Sites to check how your work looks to colorblind viewers
  • 11/3/2016 6:57:20 PM
1 saves

@Robert - I agree with James

The links to sites that will simulate how a graph or page looks to people who are colorblind is worth keeping track of.

The menu is very sophisticated and offers multiple specific particular ailments.

(I'll save this comment for future reference.)

Re: Good visualization tool
  • 11/3/2016 9:43:14 AM

@Lyndon. I'll add that I really like the information Robert provided about those who are color blind and what they see in these graphics. I've been aware for years that a certain percentage of readers (largely male) can't distinquish at least some of the colors in graphics used by the media. In the days of print publishing we editors used to work with designers to minimize the use of techniques such as multiple but subtle shades of red because it was estimated that 25% or more of our readers (in a tech audience) couldn't distinguish them.

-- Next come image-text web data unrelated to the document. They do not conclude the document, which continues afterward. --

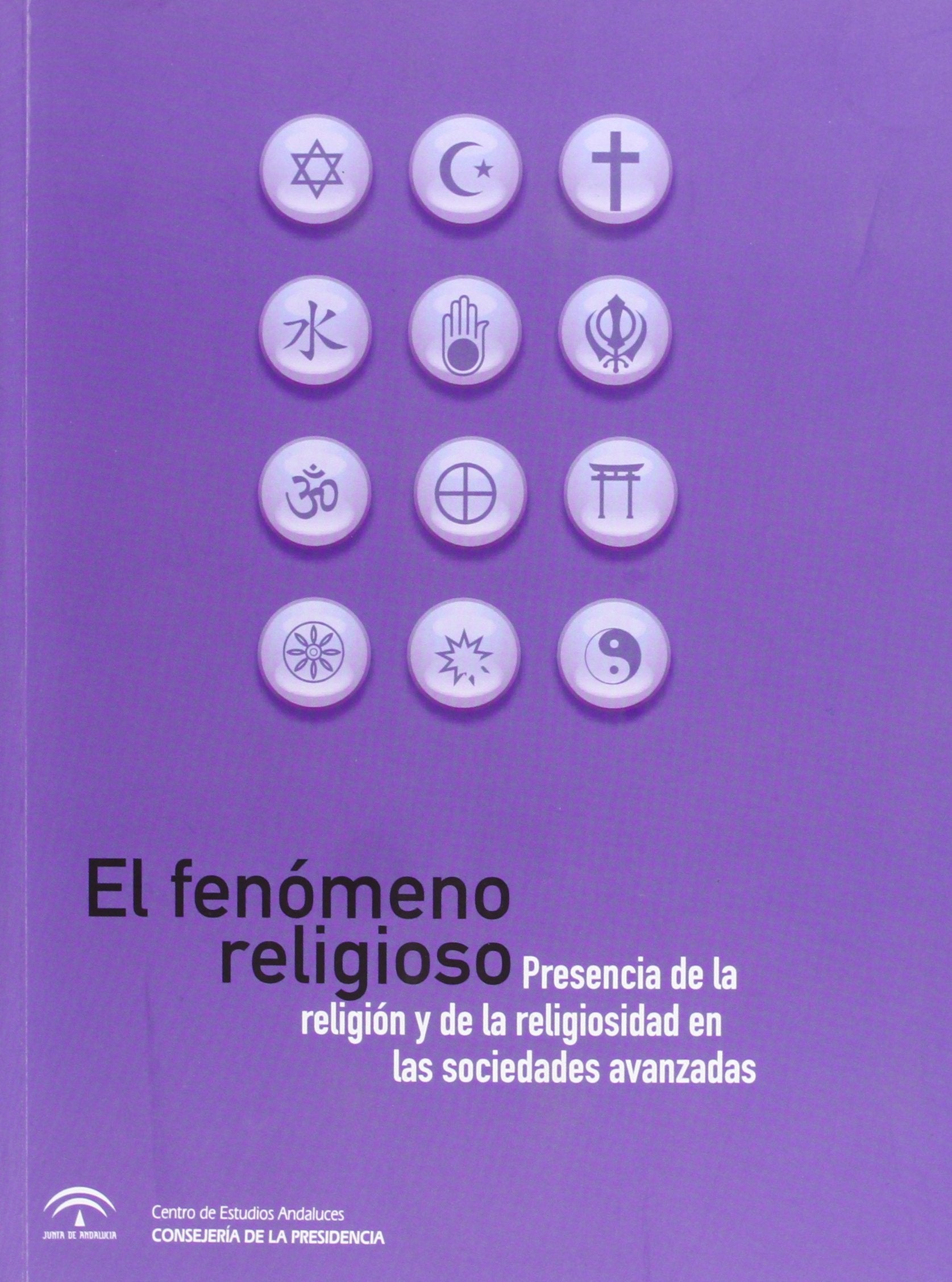 El fenómeno religioso : presencia de la religión y de la religiosidad en las sociedades avanzadas Social Sciences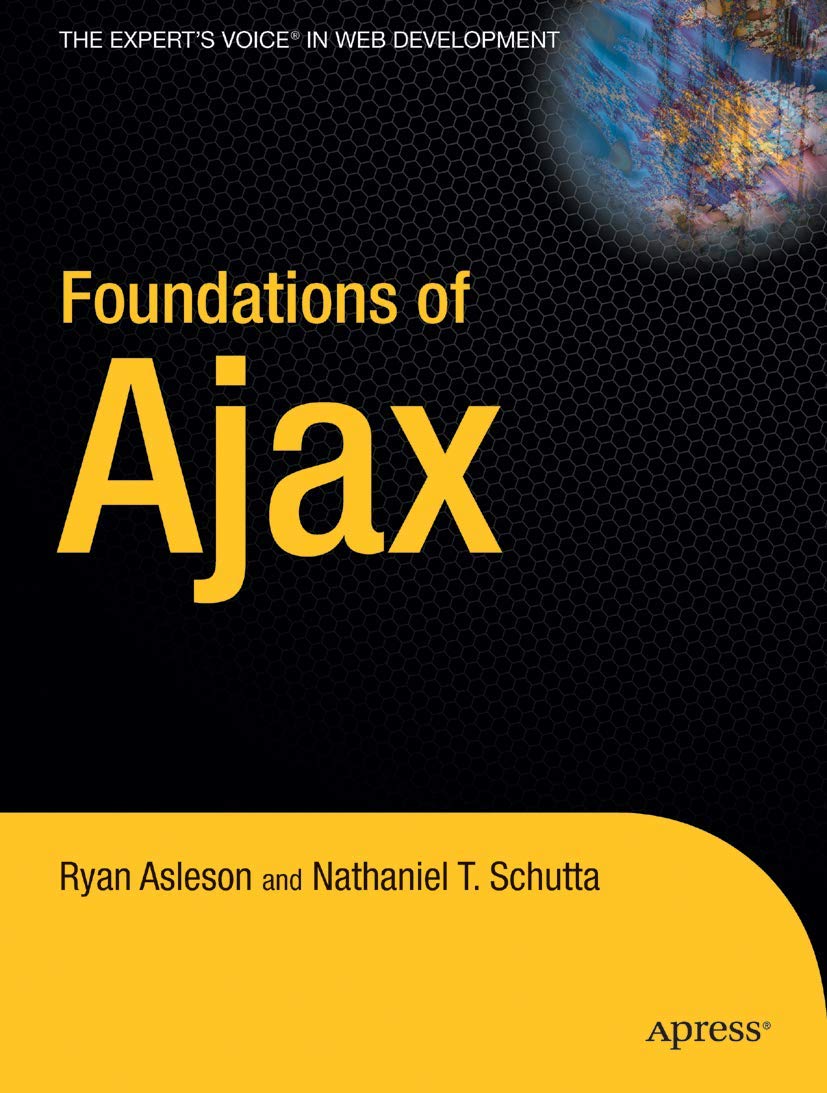 Foundations of Ajax: Professional Web Development Guide for Programmers | Learn Ajax for Dynamic Web Applications & Interactive Websites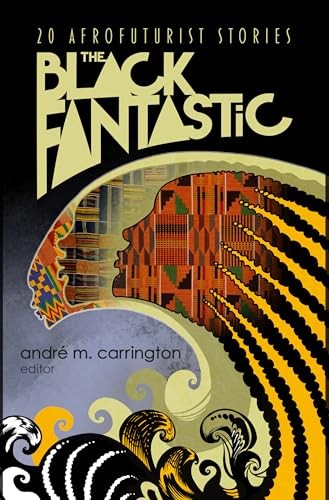 The Black Fantastic by Andre M. Carrington - - Image 3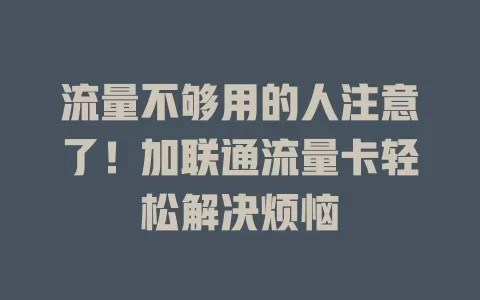 流量不够用的人注意了！加联通流量卡轻松解决烦恼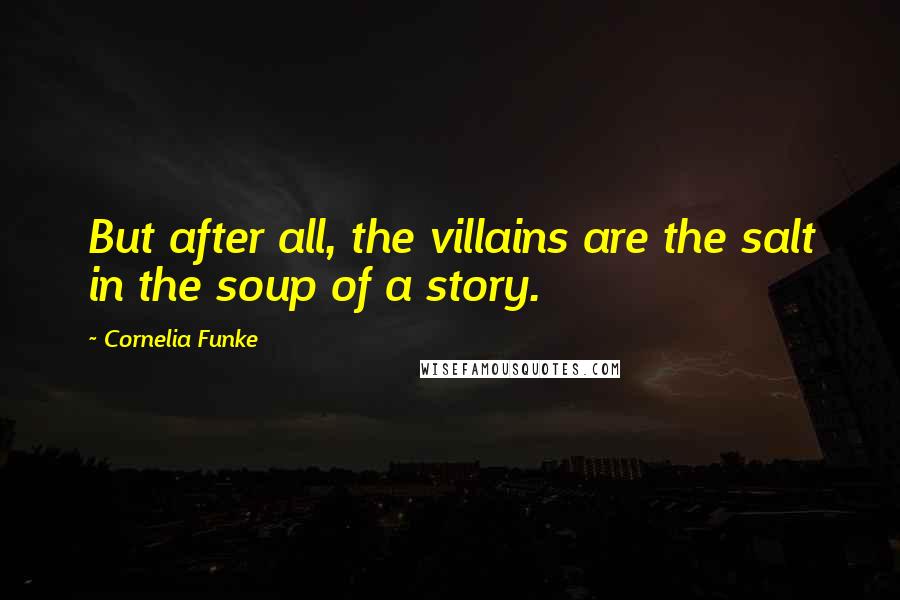 Cornelia Funke Quotes: But after all, the villains are the salt in the soup of a story.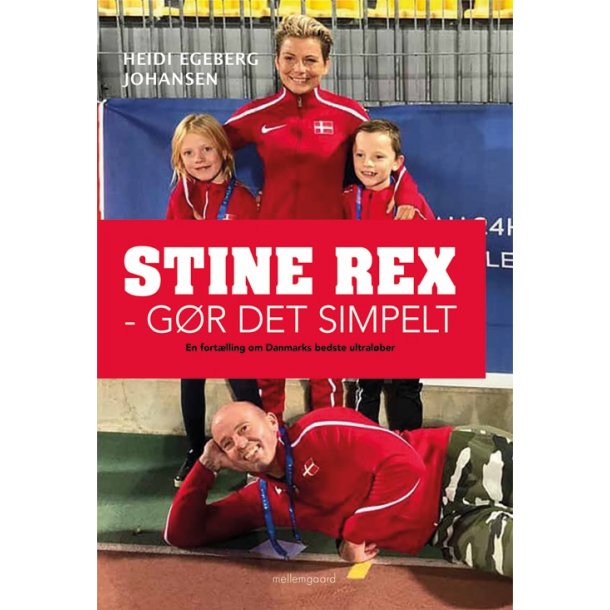 STINE REX - GØR DET SIMPELT. En fortælling om Danmarks bedste ultraløber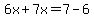 6x%2B7x=7-6
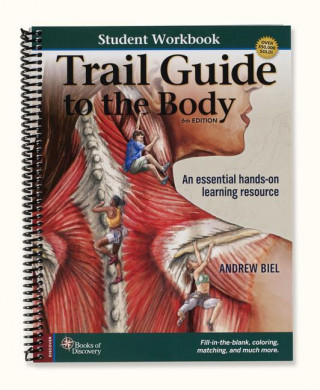 Trail Guide to the Body, 6th edition - Student Workbook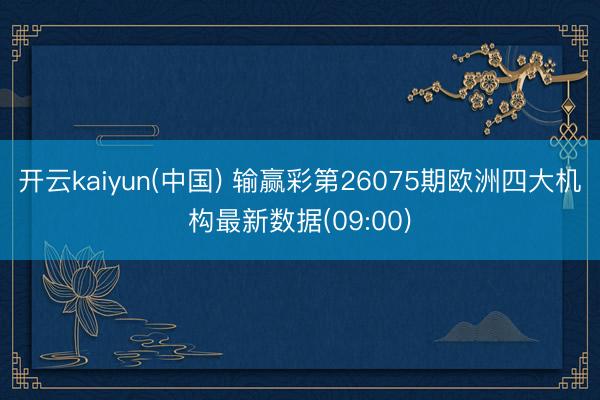 开云kaiyun(中国) 输赢彩第26075期欧洲四大机构最新数据(09:00)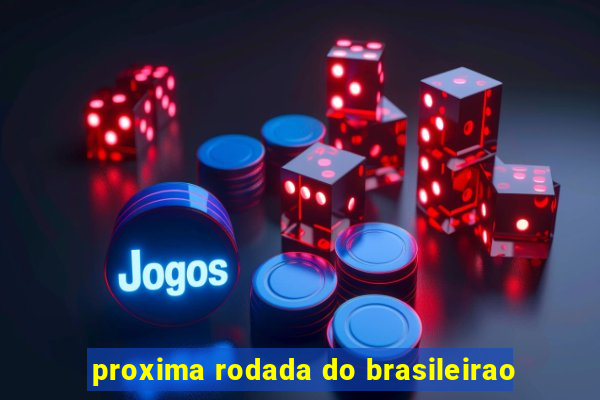 proxima rodada do brasileirao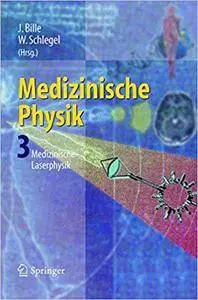 Medizinische Physik 3: Medizinische Laserphysik (Repost)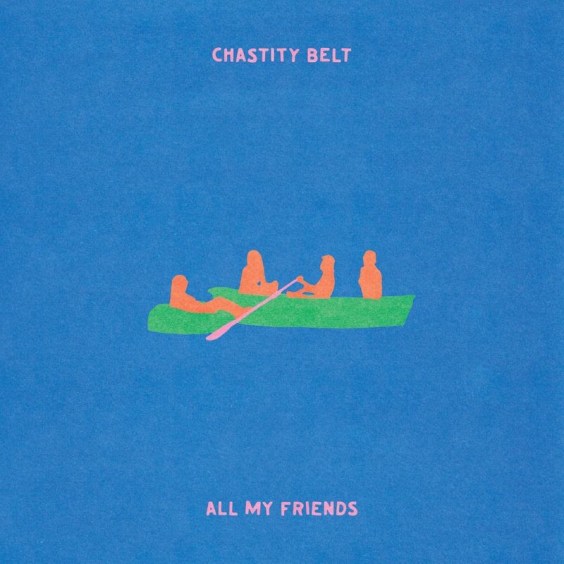 Chastity Belt Unveil New Album 'All My Friends,' Share Two Singles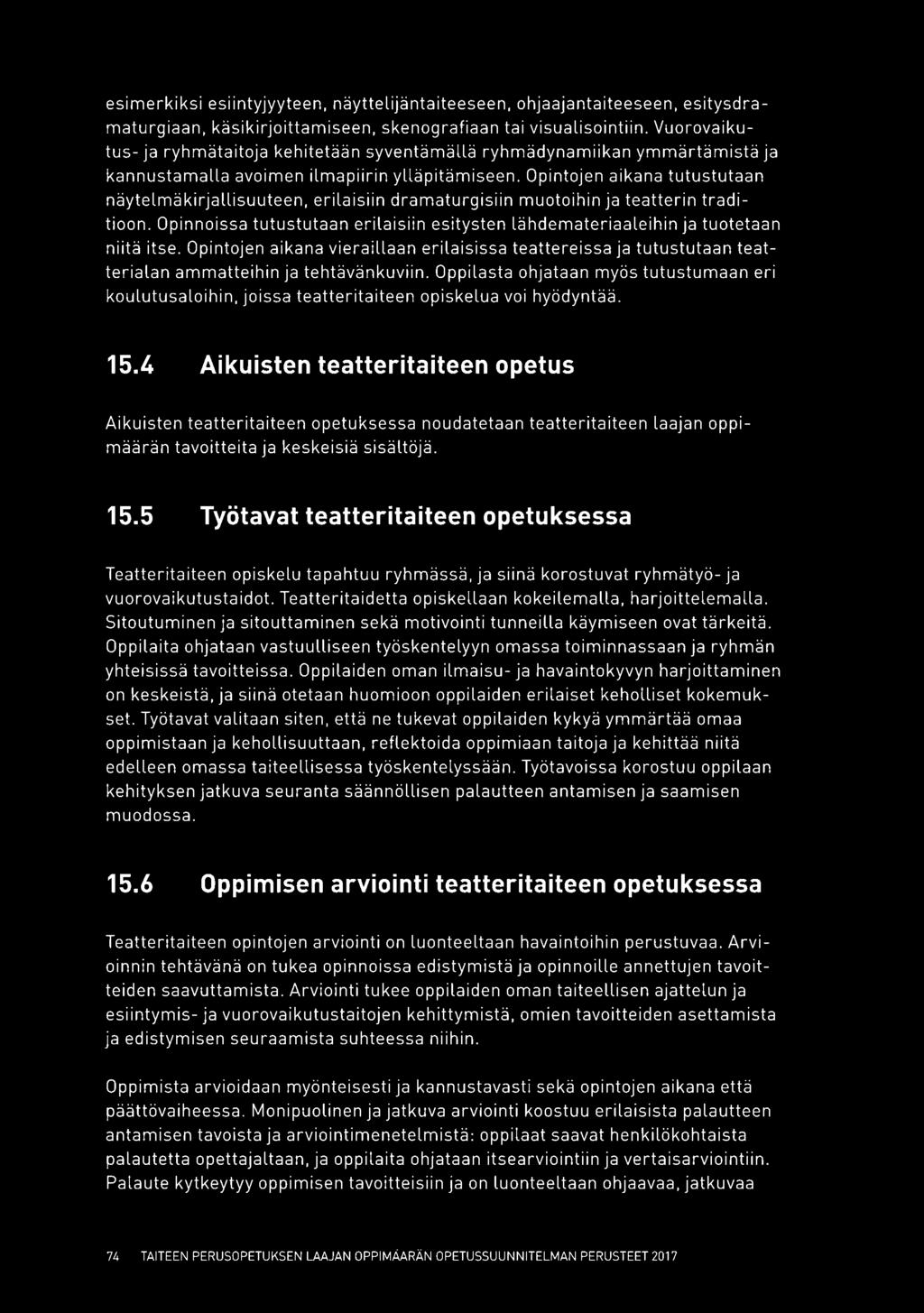 Opintojen aikana tutustutaan näytelmä kirjallisuuteen, erilaisiin dramaturgisiin muotoihin ja teatterin traditioon.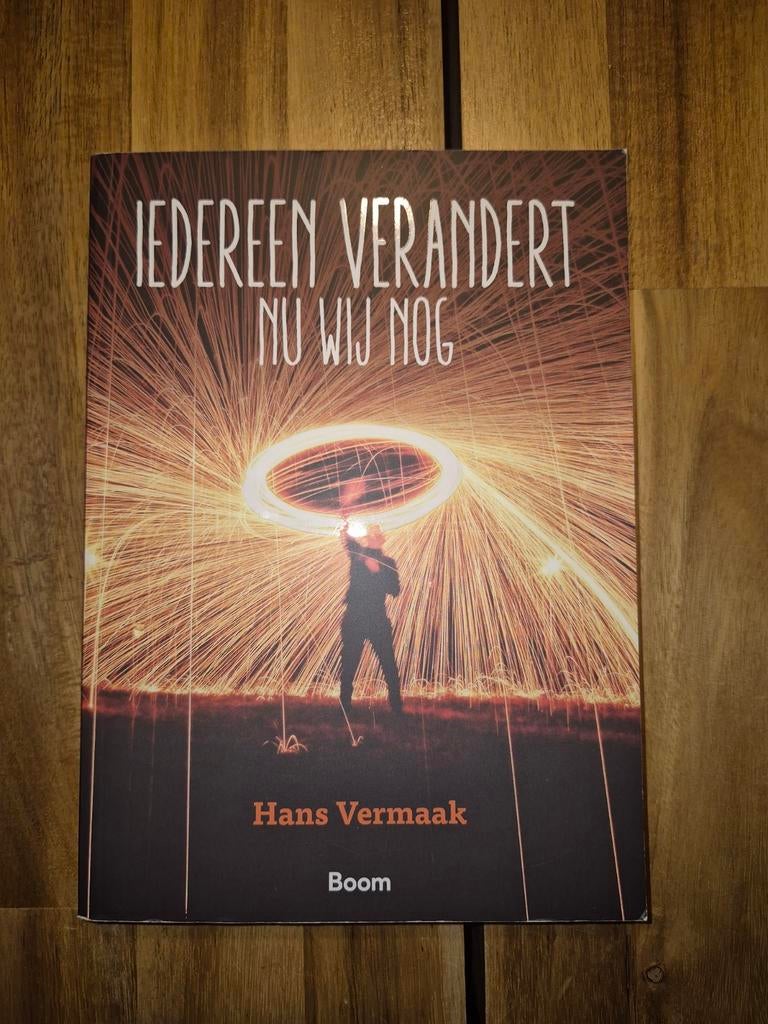 Iedereen Verandert Nu Wij Nog - Hans Vermaak, Ophalen of Verzenden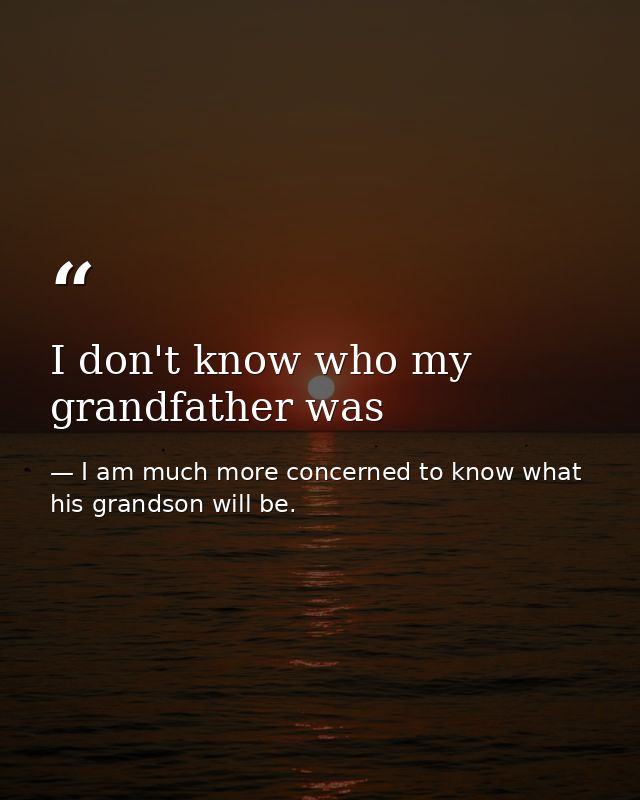 I don't know who my grandfather was — I am much more concerned to know what his grandson will be.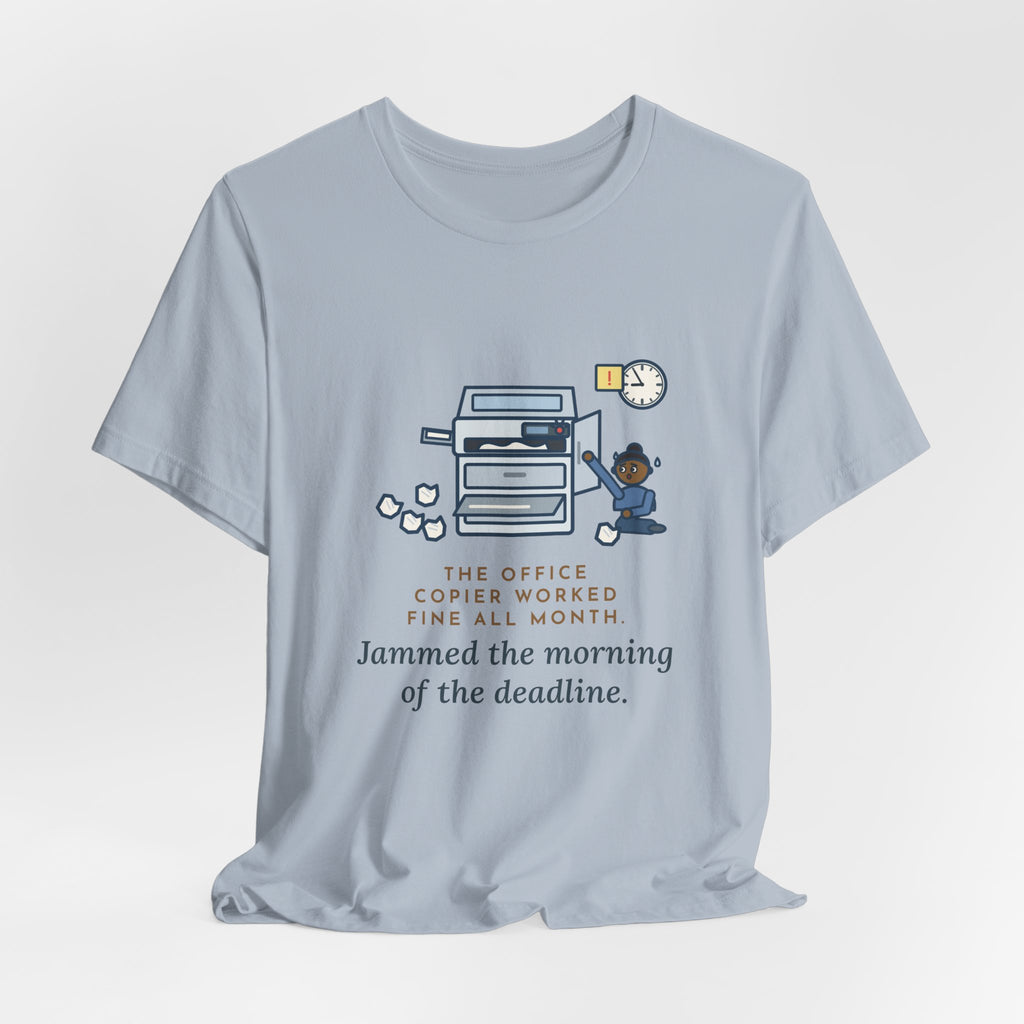 Funny Office T-Shirt, The Copier Worked Fine All Month, Jammed the Morning of the Deadline, Copy Room Tee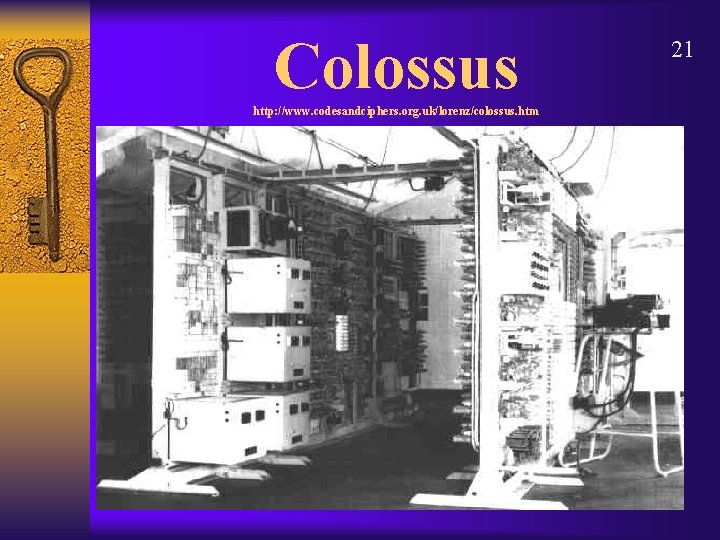 Colossus http: //www. codesandciphers. org. uk/lorenz/colossus. htm 21 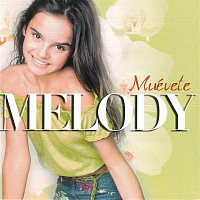 Melody – Muevete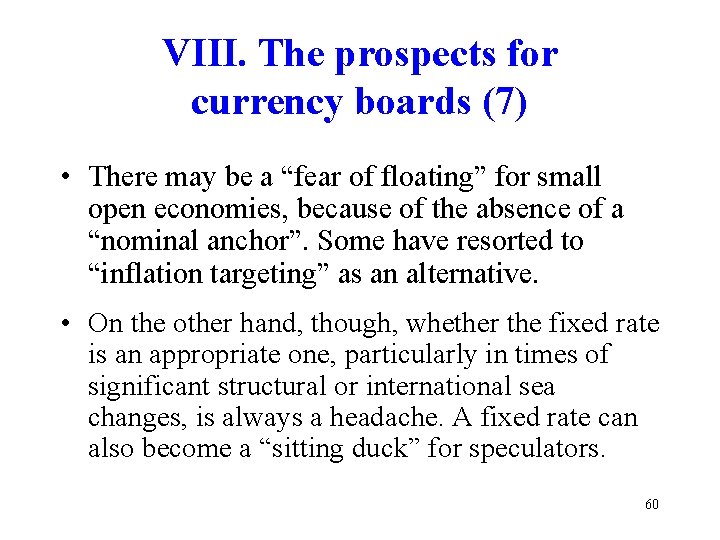 VIII. The prospects for currency boards (7) • There may be a “fear of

It's nice to see that there are tools to help those readers in the online world.

Re: Good visualization tool
  • 11/3/2016 7:38:03 AM

One thing about Bertie county (the farthest east dark-red one) is that it has a very small population (around 20k people), therefore a handful of HIV cases will tend to produce a high rate-per-100k.

Good visualization tool
  • 11/2/2016 9:32:15 PM


Robert's final map is certainly a winner in my view. The addition of important city points to orient the reader is a definite improvement. Nice work!

It's a bit surprising that Charlotte (one of my favorite U.S. cities) has such a higher rate of HIV than Raleigh. More impoverished? More promiscuous? Higher addiction to needle-injected drugs?

Also, I'm wondering about the high rate of HIV in a couple of counties near the coast. Are these associated with seaports?

Anyway, the neat thing about a map visualization like this is that it makes the data patterns more understandable and prompts important questions.